Carrier Geography Analysis
Snapshot from June 15, 2026. This analysis reflects FMCSA data available on that date and is preserved for citation.
This data is free to access. If you use it for research or media, we kindly ask that you cite AlphaLoops and link back to runalphaloops.com/data.
Analysis
· as of June 15, 2026Highlights
- California alone accounts for 13.79% of all FMCSA-registered carriers nationally, with 374,441 registrations.
- The top 5 states — CA, TX, FL, NY, and GA — collectively hold 40.2% of all registered carriers.
- Florida carriers average 48.4 power units per carrier, while Georgia carriers average 58.7, despite Georgia having fewer carriers.
- Massachusetts carriers average 98.2 power units per carrier, the highest among major US states, despite ranking 19th by carrier count.
- FMCSA registration spans 115 distinct state and jurisdiction codes, including Canadian provinces and non-US territories.
The sharpest divergence in this dataset is between carrier count and fleet concentration: states that rank modestly by registration volume often carry disproportionate shares of total power units, which suggests the registered-carrier count is a poor proxy for actual freight capacity in those markets. Massachusetts illustrates this most clearly — it ranks 19th by carrier count at 47,936 registrations, yet its carriers average 98.2 power units each, the highest of any major US state, implying a concentration of large, multi-unit fleets operating under Massachusetts authority. Georgia presents a similar pattern: with 134,467 registered carriers (4.95% of the national total), Georgia carriers average 58.7 power units, well above the national mix suggested by states like Michigan (25.7) and Wisconsin (25.4), which have comparable or higher carrier counts. Florida, the third-largest state by carrier count at 189,442, also runs above the median at 48.4 average power units, consistent with its role as a major freight corridor terminus. California and Texas, the two largest states by registration at 374,441 and 248,130 respectively, average 33.8 and 31.5 power units per carrier — below several mid-tier states — which likely reflects the large share of owner-operators and small fleets that tend to register in high-population, high-economic-activity states. The dataset also records registrations across 115 jurisdiction codes, including Canadian provinces such as Ontario (10,794 carriers) and British Columbia (3,850), as well as US territories and a small number of entries with non-standard codes, which may indicate cross-border operating authority filings rather than domicile.
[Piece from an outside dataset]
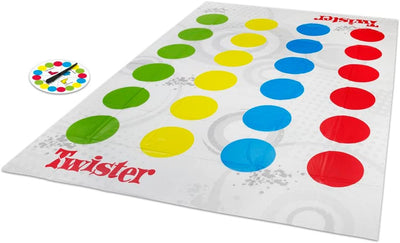 Twister Gioco in Scatola, Include 1 Tappeto Twister, 1 Ruota E Le Istruzioni, Versione 2020 in Italiano, Multicolore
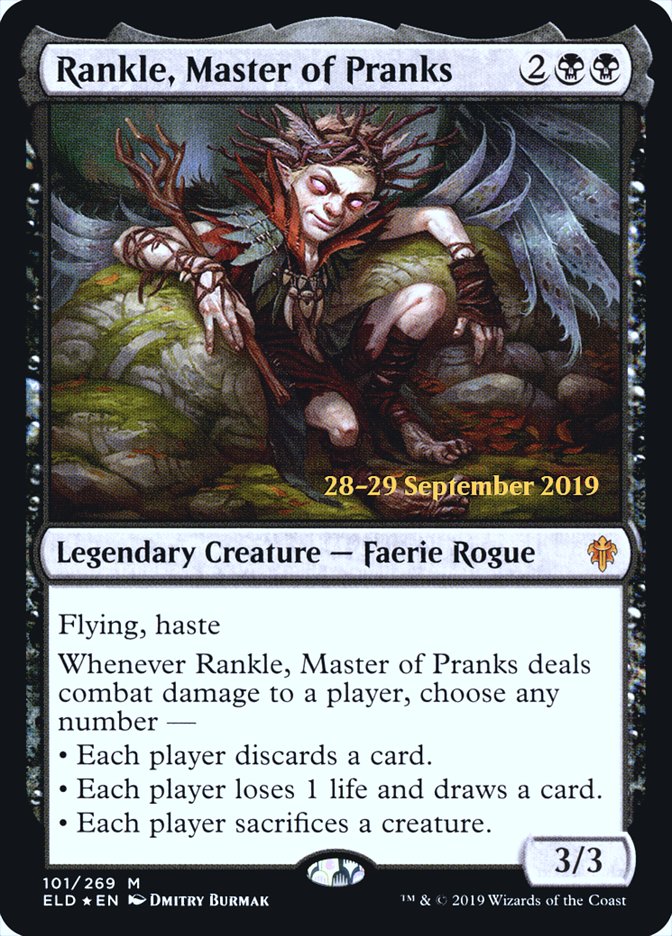 Rankle, Master of Pranks  [Throne of Eldraine Prerelease Promos] | Tacoma Games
The total registered driver count of 15,762,436 across all jurisdictions, set against 2,715,197 carrier entities, produces an average of roughly 5.8 drivers per carrier nationally, though this figure is heavily skewed by the large-fleet states. Over the trailing 60-month window captured here, the breadth of jurisdictions present in FMCSA records has expanded beyond the 50 states, reflecting the agency's role in tracking interstate operating authority for any entity moving freight across US borders.